Garera 2009 Structural, Transitive and Latent Models for Biographic Fact Extraction
Garera, N. and Yarowsky, D. 2009. Structural, Transitive and Latent Models for Biographic Fact Extraction. In Proceedings of EACL.
An online version of this paper is available at .
This paper introduces several approaches to extract biographical information from wikipedia texts, these approaches are individually inspired by empirical study of the corpus. Collectively they perform significantly better than the traditional methods and the combined method is among the current state-of-art methods.
The paper presents a series of intuitive hypothesis with supporting empirical findings, which motivates the proposed approaches. The paper also suggests the use of NNDB dataset  in parallel with Wikipedia dataset  text for training and testing.
- Several intuitive hypotheses are presented, such as the position information, the topic information and correlations between the attributes are useful for the extraction. These hypotheses are also backed by empirical study which leads to skewed distribution. These hypotheses then motivated the position-based model, the latent-model-based model, the correlation-based filter etc.
- The paper focuses on the problem of extracting attributes from wikipedia text. However, the information box of wikipedia is usually incomplete, thus the use of NNDB is proposed to serve as the gold standard for the attribute extraction. Though the author does not specify explicitly, the use of any state-of-art clean person-attribute database is well suited for this purpose, too.
Approaches and Empirical Findings
The authors present a set of six approaches to exploit different information for attribute extraction. The author claims that though the approaches have different focus and its most applicable attributes, they can be applied for all the attributes and the combined back-off model performs the best in the experiments.
- Improved Contextual Pattern-based Model
The author first refers to the contextual pattern-based model proposed in Ravichandran and Hovy (2002). The model is essentially a probabilistic model with template-based features, in which the features are derived from frequently occurred context. For example, in the case of "<Name> 'was born in' <Birthplace>", the <Name> and <Birthplace> are placeholders and the 'was born in' is the relevant context. The author also mentions the lost of variability for this method and proposes another method which takes the partially untethered template as the context. In their experiments, this method yields a significant gain in accuracy of 21%.
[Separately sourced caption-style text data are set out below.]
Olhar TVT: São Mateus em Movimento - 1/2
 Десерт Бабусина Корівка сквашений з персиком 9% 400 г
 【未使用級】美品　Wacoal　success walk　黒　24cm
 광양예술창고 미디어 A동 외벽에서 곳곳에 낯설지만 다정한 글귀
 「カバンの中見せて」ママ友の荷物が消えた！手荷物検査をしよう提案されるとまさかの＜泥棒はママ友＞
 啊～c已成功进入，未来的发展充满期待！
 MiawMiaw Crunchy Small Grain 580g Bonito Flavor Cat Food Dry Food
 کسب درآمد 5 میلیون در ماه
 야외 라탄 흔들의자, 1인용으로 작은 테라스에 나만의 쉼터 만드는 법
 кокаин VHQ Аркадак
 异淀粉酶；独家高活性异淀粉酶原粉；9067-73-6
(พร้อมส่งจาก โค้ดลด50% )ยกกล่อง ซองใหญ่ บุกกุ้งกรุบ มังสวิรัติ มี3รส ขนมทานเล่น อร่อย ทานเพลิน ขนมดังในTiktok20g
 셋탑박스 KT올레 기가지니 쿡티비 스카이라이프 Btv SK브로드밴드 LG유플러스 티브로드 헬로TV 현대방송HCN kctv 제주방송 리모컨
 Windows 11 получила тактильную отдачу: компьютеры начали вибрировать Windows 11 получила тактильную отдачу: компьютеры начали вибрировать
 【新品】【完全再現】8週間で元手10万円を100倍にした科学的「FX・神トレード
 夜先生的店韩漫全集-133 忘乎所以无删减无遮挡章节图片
- Document-Position-Based Model
The author presents the intuition of position-based approach with Gaussian model for extracting different attributes. Using the figure below, the author shows the distributions clearly resembling the Gaussian. An alternative approach is the ranking-based model, which is claimed to be very effective in extraction of some attributes, for example Deathdate.
- Transitivity-Based Model
The author mentions that the attributes such as Occupations are transitive in nature, in which the people names appearing close to the target would probably have the same occupation as the target name. Thus a transitivity-based model is proposed, mostly for the attributes such as Occupations, Religions etc. The following figure is used by the author to illustrate this approach.
- Latent-Model-Based Approach
In addition to the transitivity-based model, the Occupation and other semantic attributes may also be modeled with a topic model approach, as mentioned by the author. For example, a page about a scientist is definitely very different from a page about a basketball player. The author uses a scoring method similar to that of TD-IDF similarity measures in information retrieval. And the author also points out that multilingual resources would help to resolve the ambiguity more for this approach.
- Attribute-Correlation-Based Filter
Author gives an example of P(Reg.=Hindu|Nation=Indian)>>P(Reg.=Hindu|Nation=France) to illustrate the correlation between two attributes. Then the author presents their method which uses the training data to filter all unseen correlations in the output.
- Age-Distribution-Based Filter
Author presents the intuition of using age range to filter wrong value of Birthdate and Deathdate pairs, this is claimed to have an average gain of 5% in their experiments.
The Ravichandran and Hovy, ACL 2002: Learning Surface Text Patterns for a Question Answering System paper serves as the foundation for this paper, in which it discusses a basic template-based approach for probabilistic modeling of attribute extractions. Later Mann and Yarowsky, 2005 extends the methods for cross-document fusion of the attribute values.